Kemudian praktik self defence dalam era modern berkaitan dengan legalitas “ancaman segera” berdasarkan laporan intelijen dan bahkan ancaman perang proxy. Perang proxy atau proxy war merupakan suatu peperangan yang tidak sepenuhnya berada dalam kaidah hukum perang Den Haag 1949. Kendatipun dari segi hukum humaniter, Antony Plaff memandang hukum perang proxy merupakan wujud peperangan era modern dengan teknologi digital. Sebagai acuan, Jeremy Wright mempertimbangkan standar yang berbeda tentang ancaman yang bersifat segera di masa modern ini, diantaranya :
- Sifat dan kesegeraan ancaman kemungkinan serangan;
- Apakah serangan yang diantisipasi merupakan bagian dari pola bersama dari aktivitas bersenjata yang berkelanjutan;
- Skala kemungkinan serangan dan cedera, kerugian atau kerusakan yang mungkin terjadi jika tidak ada tindakan mitigasi;
- Kemungkinan akan ada peluang lain untuk melakukan tindakan efektif dalam membela diri yang diperkirakan akan meyebabkan cedera, kerugian atau kerusakan tambahan yang tidak terlalu serius
Setiap penggunaan kekuatan bersenjata dalam membela diri selalu menimbulkan pertanyaan seberapa pasti serangan akan datang dan seberapa cepat serangan itu akan terjadi. Disini Jeremy menekankan pentingnya para diplomat, analisis militer dan badan intelijen dalam menganalisis dan memverifikasi kesegeraan ancaman dengan menggunakan indikator hukum yang jelas. Informasi dari badan intelijen suatu Negara bisa dijadikan dasar untuk melakukan self defence apabila terbukti keakuratannya di sertai bukti-bukti dan berhak dilaporkan pada Dewan Keamanan PBB untuk membuktikan bahwa memang Negaranya sedang mengalami Imminent Threat.
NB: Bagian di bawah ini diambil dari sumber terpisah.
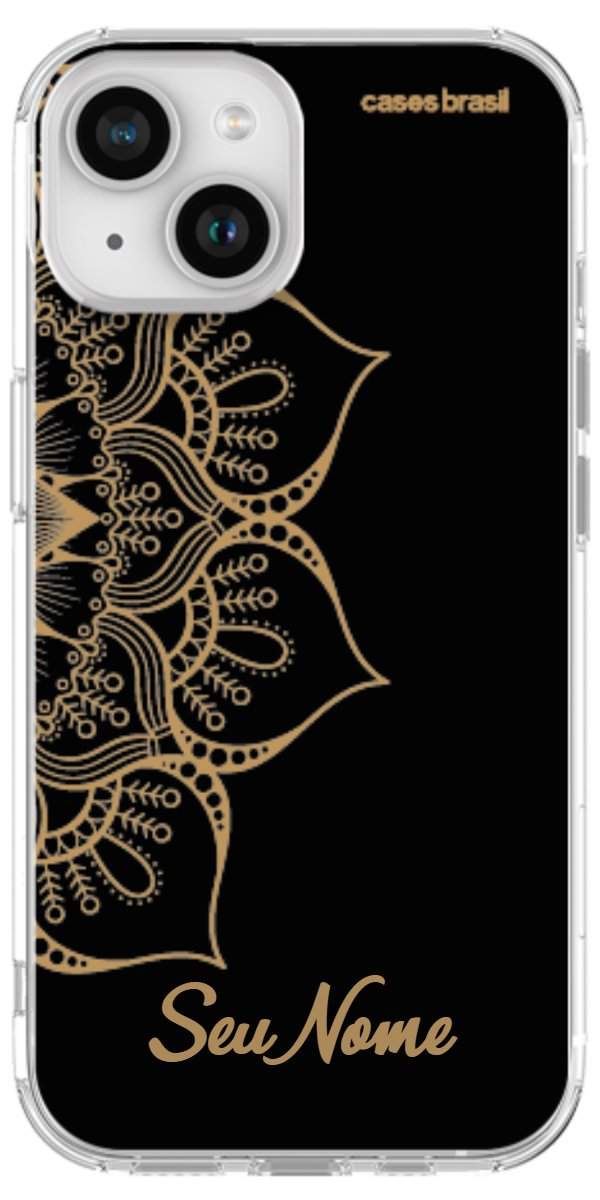 Capinha para Celular Mandala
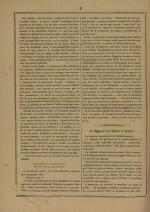 Le Papillon : journal de l'entr'acte - littérature, arts, poésie, nouvelles, théatres, modes annonces, N°296, pp. 2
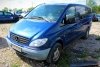 Włącznik świateł Mercedes Vito W639 2005 Bus 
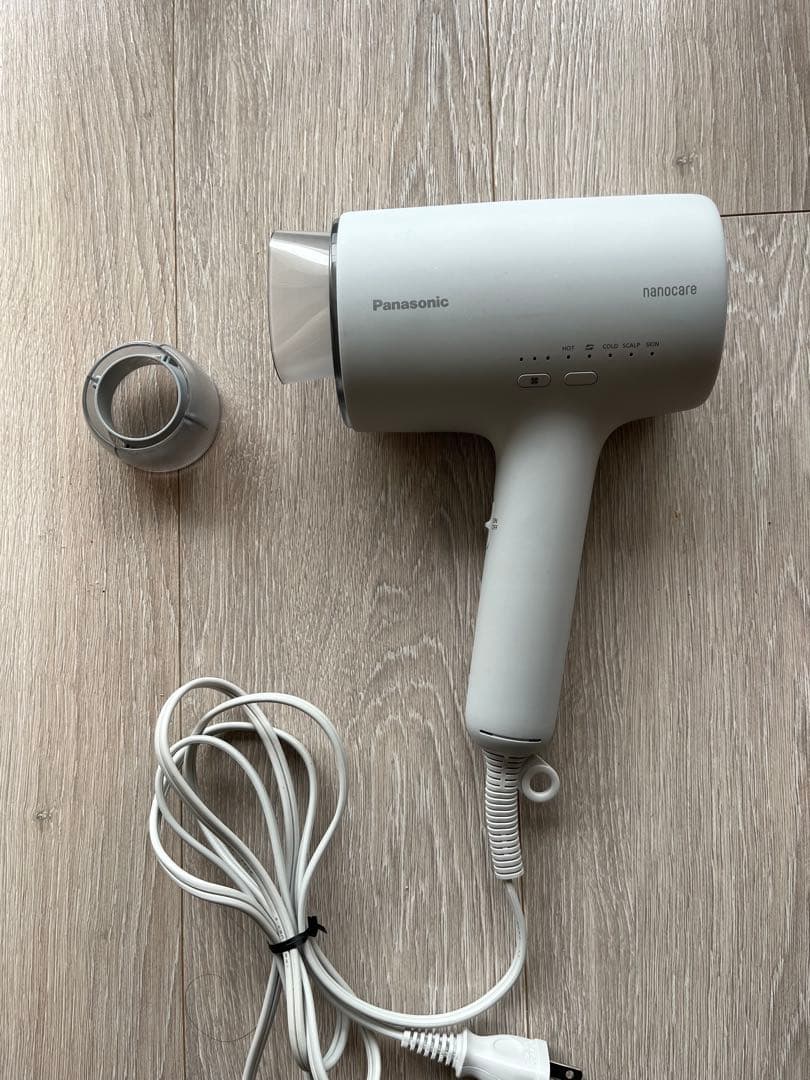 【2024年製】パナソニック ナノケア EH-NA0J（訳あり特価）グレーミスト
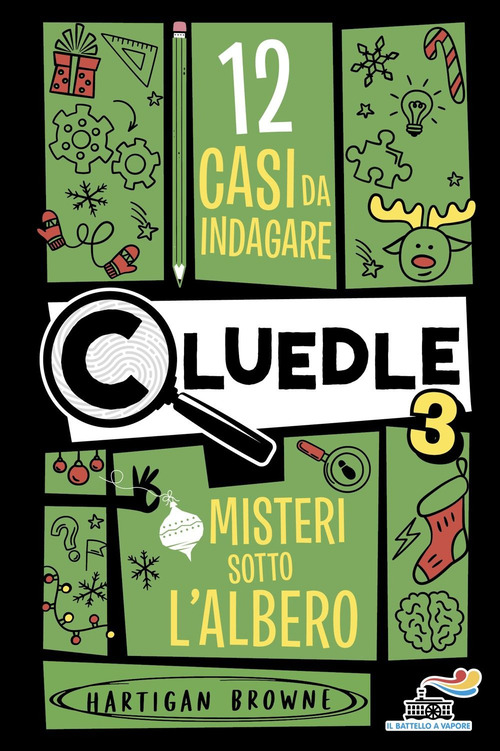 Cluedle. Misteri sotto l'albero
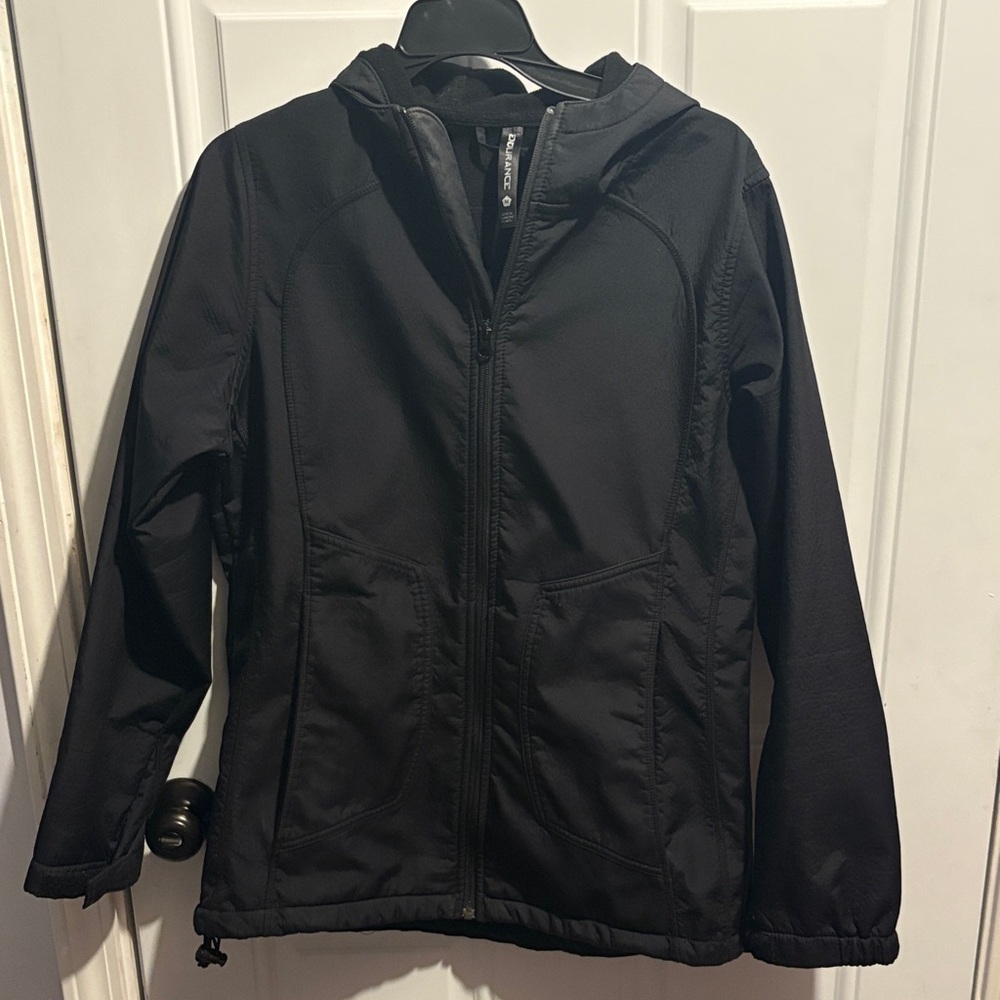 Women's Black Ski Jacket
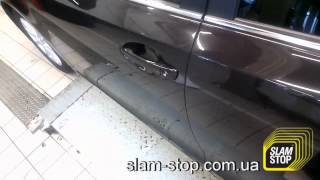 Доводчик двери на Lexus CT200h – Дотяжка автомобильных дверей SlamStop(, 2015-03-31T10:16:18.000Z)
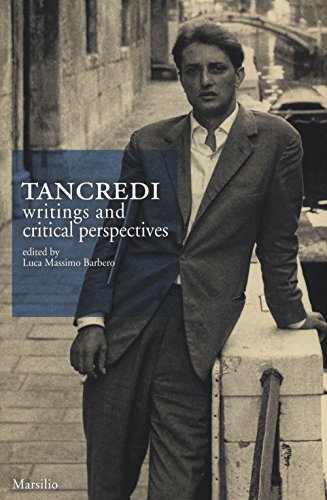Immagine stock per Tancredi. Writings and critical perspectives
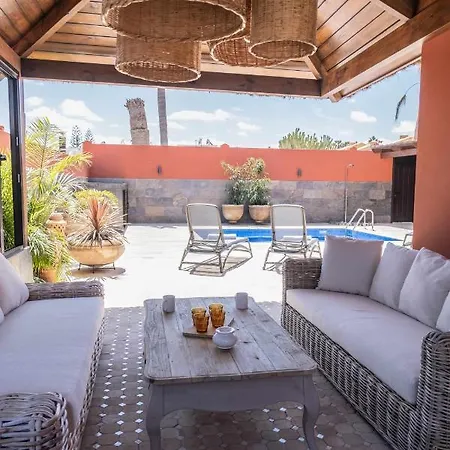 Villa Privada De Lujo Con Piscina Wabi Sabi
Ada dua bentuk penggunaan kekuatan bersenjata dalam self defence yaitu :
- Individual Self Defence yang tercantum dalam Pasal 51 memiliki makna yang lebih luas dari hak perseorangan, yaitu lebih kepada hak individu Negara atau lebih tepatnya penggunaan kekuatan bersenjata secara unilateral yang mana dalam melakukannya diputuskan sepihak.
- Collective Self Defence tercetus oleh delegasi dari Amerika Serikat dalam Konferensi San Francisco pada tahun 1945 yang mengatakan bahwa “if more than one state acts that is to be interpreted as collectively”. Dimana dalam contoh kasus agresi terhadap satu Negara bagian merupakan agresi terhadap semua Negara bagian dan mereka semua menggunakan hak pembelaan yang sah dengan memberikan dukungan kepada Negara yang diserang. Berbeda dengan pembelaan individu yang sepihak. Colective Self Defence harus dilakukan melalui resolusi Dewan Keamanan PBB.